• **Your instructions**: Apart from the pictures, every entry should be reproduced exactly.

+++ Provided data

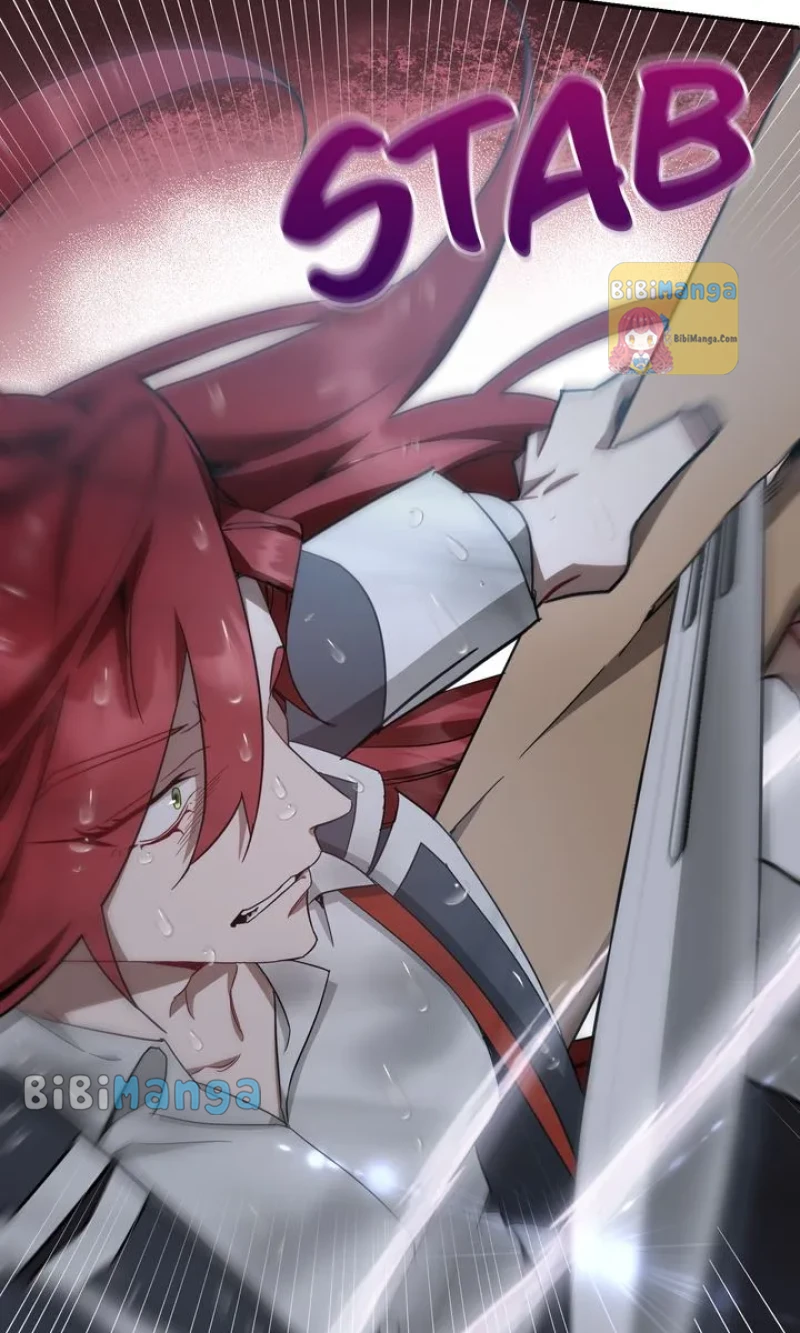 The Corpse Will Tell Chapter 25 - Page 25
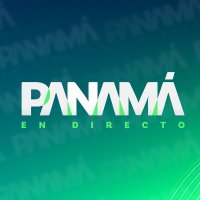 Panamá En Directo (@panamaendirecto) 's Twitter Profile Photo Panamá En Directo (@panamaendirecto) 's Twitter Profile Photo
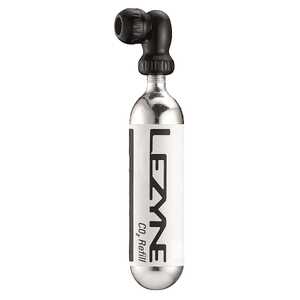 Lezyne Twin Speed Drive CO2 Inflator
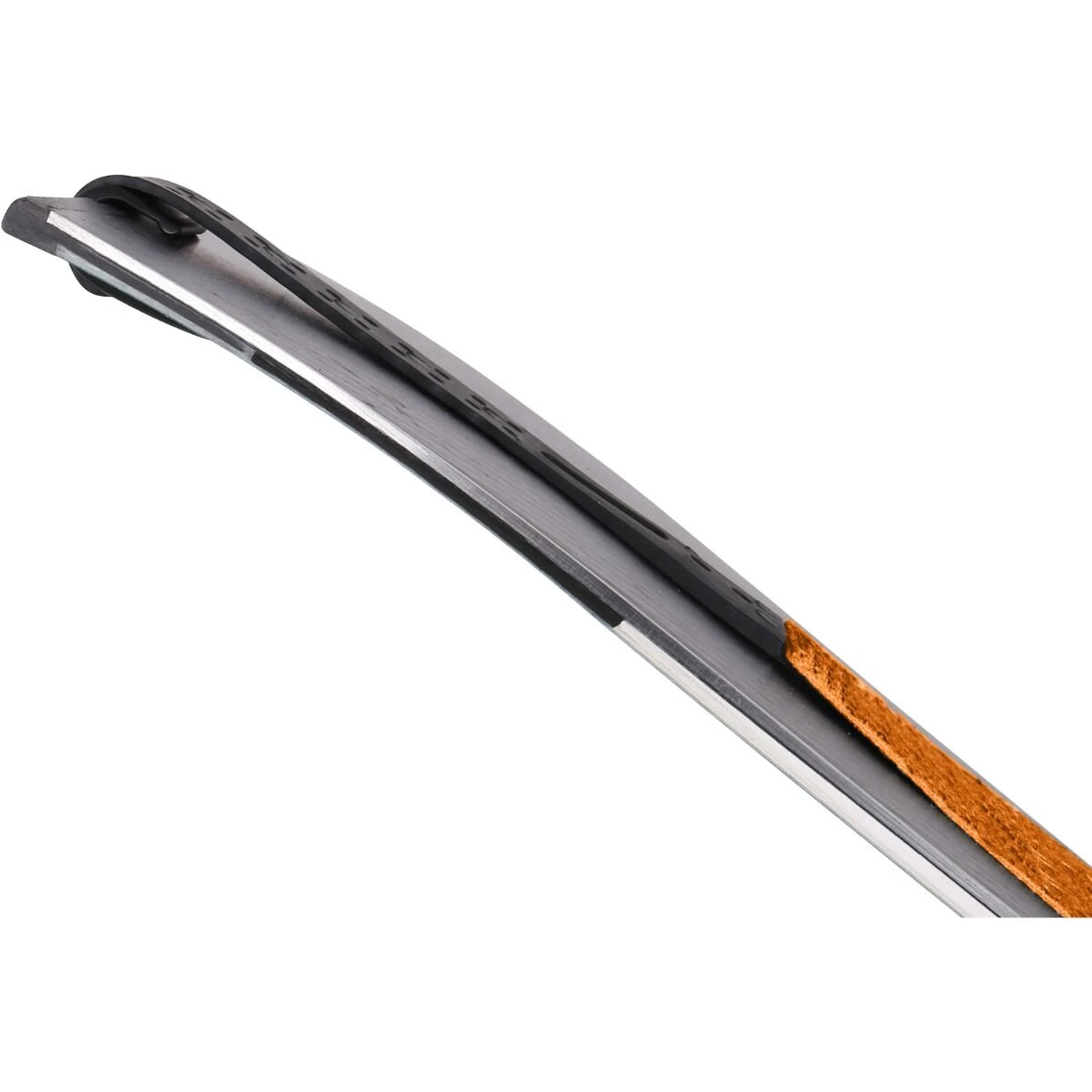 Kohla Alpinist 130mm 3 Kohla Alpinist 130mm - Billede 3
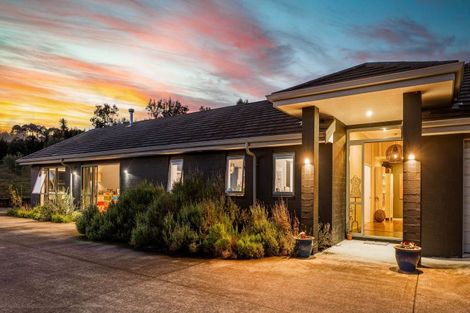 Photo of property in 210a Glenmore Road, Coatesville, Albany, 0793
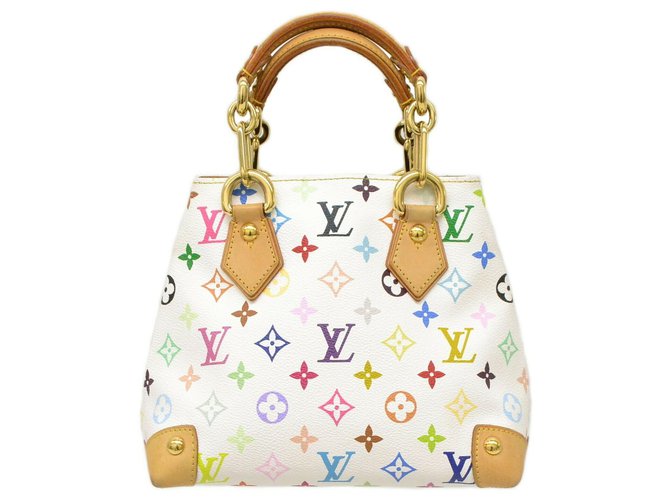 sac louis vuitton multicolore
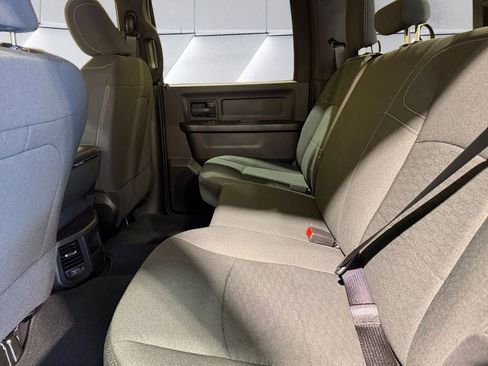 New 2026 RAM 2500 Tradesman image 14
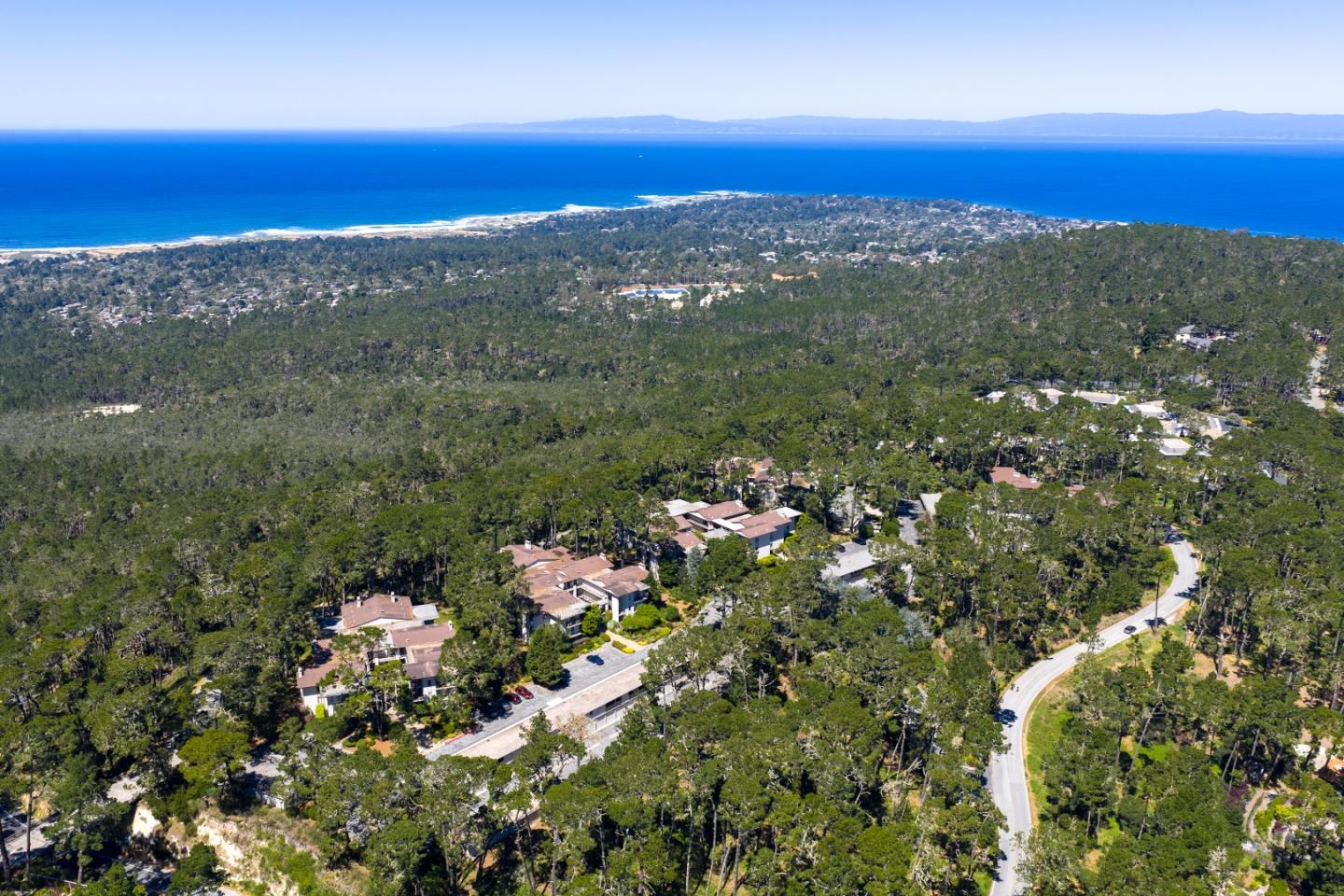 Detail Gallery Image 46 of 49 For 4 Ocean Pines Lane, Pebble Beach,  CA 93953 - 2 Beds | 2 Baths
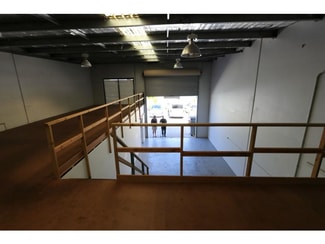 Factory, Warehouse & Industrial commercial property leased at 2/11 Dover Drive Burleigh Heads QLD 4220 Factory, Warehouse & Industrial commercial property leased at 2/11 Dover Drive Burleigh Heads QLD 4220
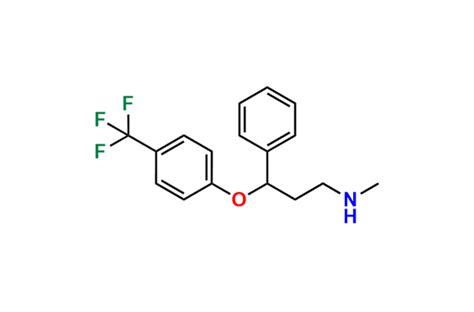 Fluoxetine | CAS No- 54910-89-3 | NA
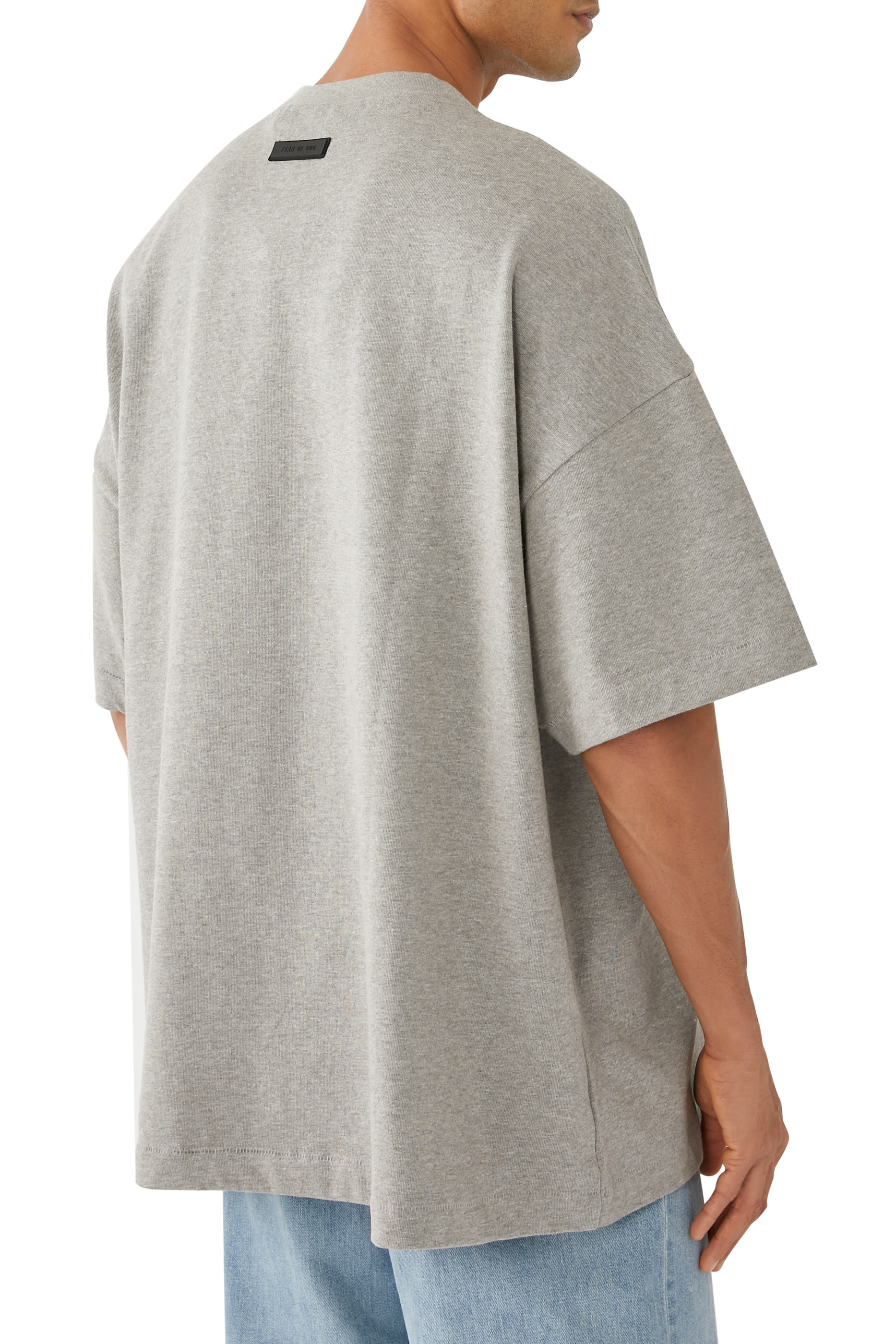 Essentials Crewneck T-Shirt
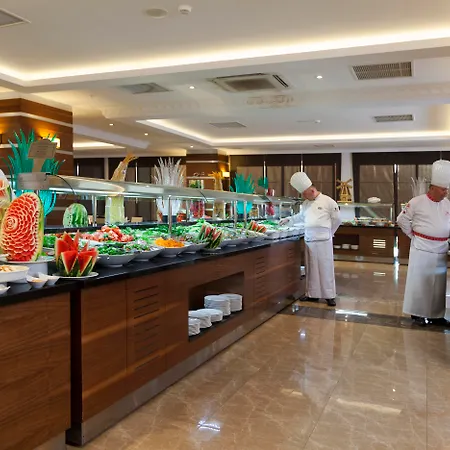 Hotell Diamond Hill
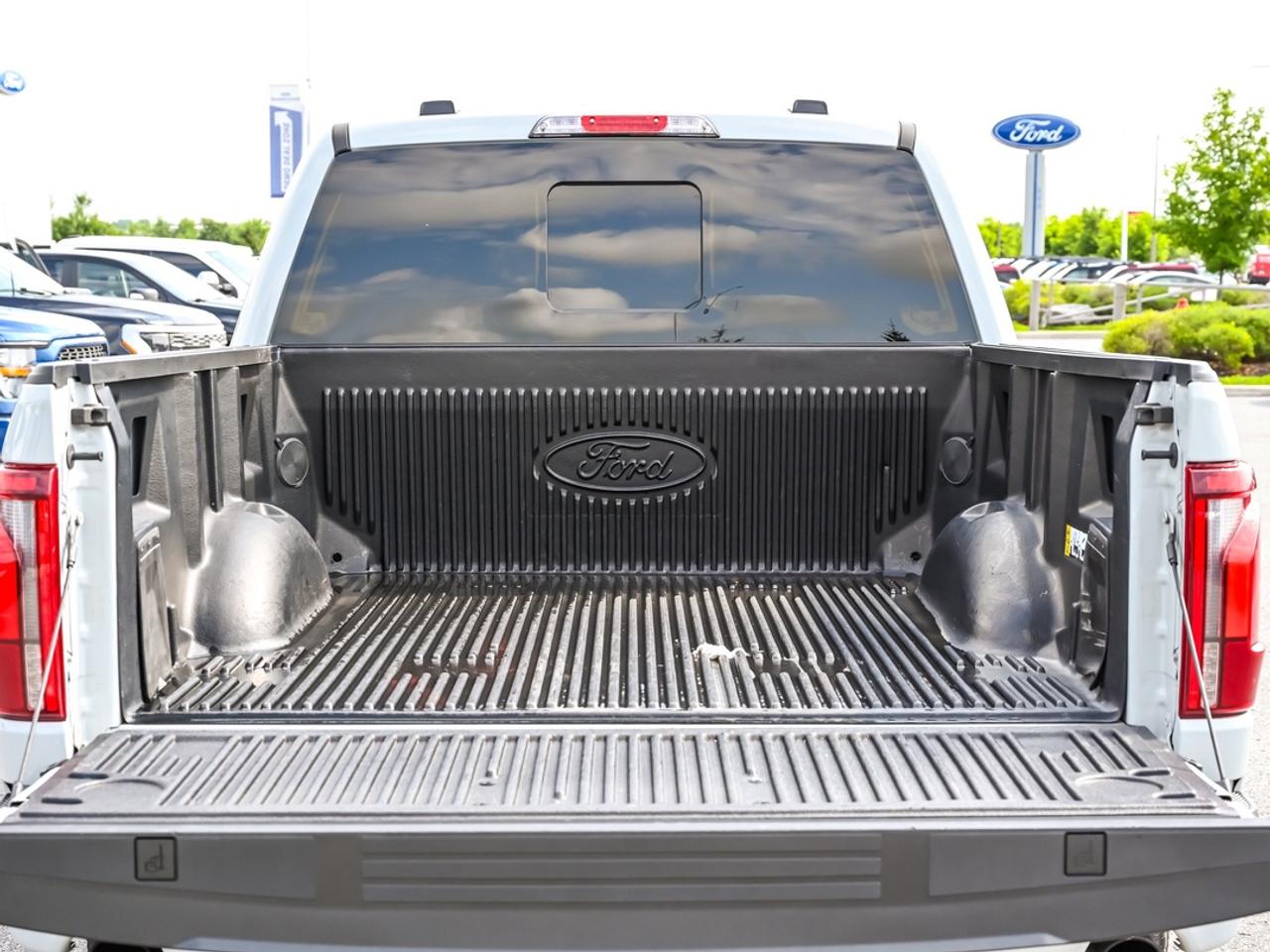 2024 Ford F-150 Lariat Photo
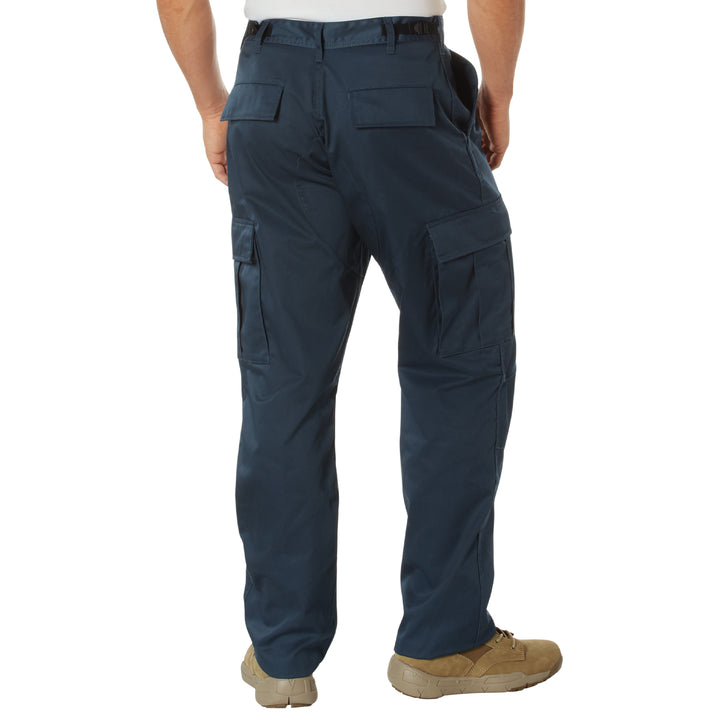 Rothco Tactical Cadet Blue BDU Pants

++++++

• **Exercise result**:
 The Corpse Will Tell Chapter 25 - Page 25
 Panamá En Directo (@panamaendirecto) 's Twitter Profile Photo Panamá En Directo (@panamaendirecto) 's Twitter Profile Photo
 Lezyne Twin Speed Drive CO2 Inflator
 Kohla Alpinist 130mm 3 Kohla Alpinist 130mm - Billede 3
 Photo of property in 210a Glenmore Road, Coatesville, Albany, 0793
 sac louis vuitton multicolore
 New 2026 RAM 2500 Tradesman image 14
 Detail Gallery Image 46 of 49 For 4 Ocean Pines Lane, Pebble Beach,  CA 93953 - 2 Beds | 2 Baths
 Factory, Warehouse & Industrial commercial property leased at 2/11 Dover Drive Burleigh Heads QLD 4220 Factory, Warehouse & Industrial commercial property leased at 2/11 Dover Drive Burleigh Heads QLD 4220
 Fluoxetine | CAS No- 54910-89-3 | NA
 Essentials Crewneck T-Shirt
 Hotell Diamond Hill
 2024 Ford F-150 Lariat Photo
 Rothco Tactical Cadet Blue BDU Pants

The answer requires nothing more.